Although major basketball figures have spoken out against the law, some of the league's biggest stars expressed concern over pulling the All-Star game from Charlotte. The reaction has, much like when Collins came out, been mixed.
I recognize this was a tough decision for the NBA but I respect the choice. Discrimination of any kind cannot be allowed— Kevin Durant (@KDTrey5) July 22, 2016
"It's a big decision for the NBA to pull it away from Charlotte. I guess we'll see what happens from here now ... I feel bad for (Michael Jordan) and for the NBA, too. We as players didn't think it was going to get to this. It's unfortunate." -Carmelo Anthony
"It's an embarrassing bill," Duke and Team USA coach Mike Krzyzewski told USA TODAY Sports a day before the NBA's announcement. "That's all I'm going to say about it."
Steph Curry expressed concern over the action, stating, "I know how much that would have meant to the city. At the end of the day, I love Charlotte."
North Carolina Governor Pat McCrory released a strong statement in response to the NBA's decision, condemning the NBA and the other powers that be for portraying what he claims is a false analysis of the effect of HB2.

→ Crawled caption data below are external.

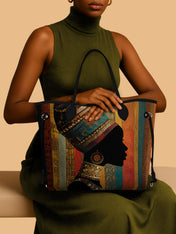 Brown Radiance Classic Shopper Tote QR0TV122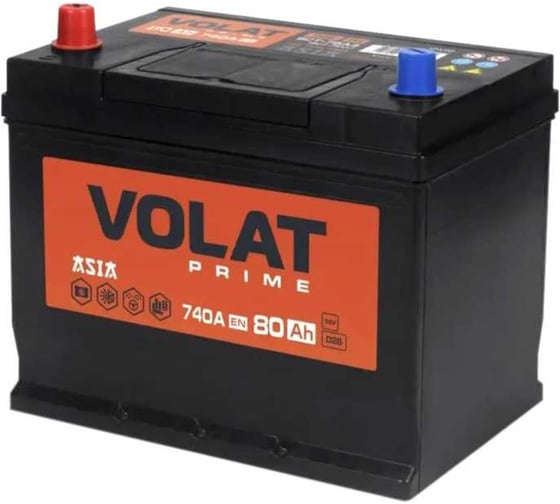Изображение товара Аккумуляторная батарея VOLAT Prime Asia 80Ah L+ (нижний борт) VPA801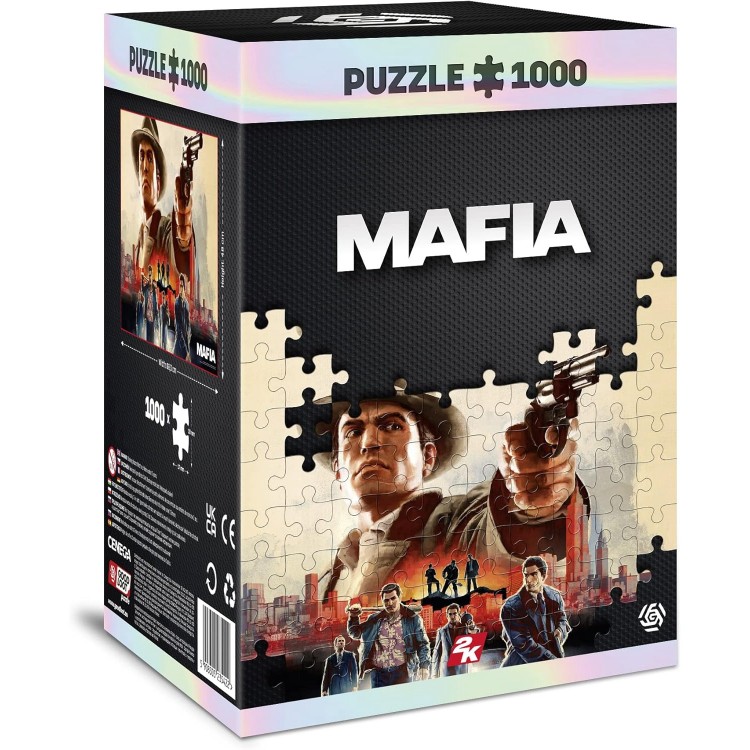 Puzzle premium Mafia: Vito Scaletta, Good Loot, 1000 de piese, 68 x 48 cm, include poster si geanta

"The selective corporate elite are imposing their political will on communities in which they do business, thus bypassing the democratic and legal process. The sports and entertainment elite, Attorney General Roy Cooper and the liberal media have for months misrepresented our laws and maligned the people of North Carolina simply because most people believe boys and girls should be able to use school bathrooms, locker rooms and showers without the opposite sex present. Twenty-one other states have joined North Carolina to challenge the federal overreach by the Obama administration mandating their bathroom policies in all businesses and schools instead of allowing accommodations for unique circumstances. Left-wing special interest groups have no moral authority to try and intimidate the large majority of American parents who agree in common-sense bathroom and shower privacy for our children."
The league issued a joint statement with the Charlotte Hornets earlier in July stating it did not endorse the draft amendments to HB2 that were in the legislature, which among other items would address the conflict of transgender people who are from states that do not allow birth certificates to be altered.
The Hornets released a statement in response to the NBA's decision, which did not explicitly state the Hornets' desire to change the law. The statement did however note an "exhaustive effort from all parties to keep the event in Charlotte."
The NBA joins a list of major corporate powers to pull their business from North Carolina in response to the bill. In April, Bruce Springsteen cancelled his show in Greensboro in protest of the bill. 90 major business leaders signed a letter to Governor McCrory in partnership with the Human Rights Campaign and Equality NC condemning the law as unjust discrimination. Bank of America, the most prominent company in North Carolina, additionally came out in support of repealing HB2.
The Obama administration is suing the state on the grounds of unconstitutional discrimination, while the administration is being countersued for its guidance on transgender bathroom protections in public schools as mentioned in the Governor's statement.
The NBA's decision will tighten the screws on the Governor and conservative leadership in the state legislature. All-Star weekend is a significant economic showcase for its host city and its absence will have significant consequences for the state's ability to attract external investment and new job production. While the NBA's caveat that Charlotte will be reconsidered in 2019 for hosting duties could damper the effectiveness of this move, the NBA's conviction in its role as a leader in social progress is standing the test of time.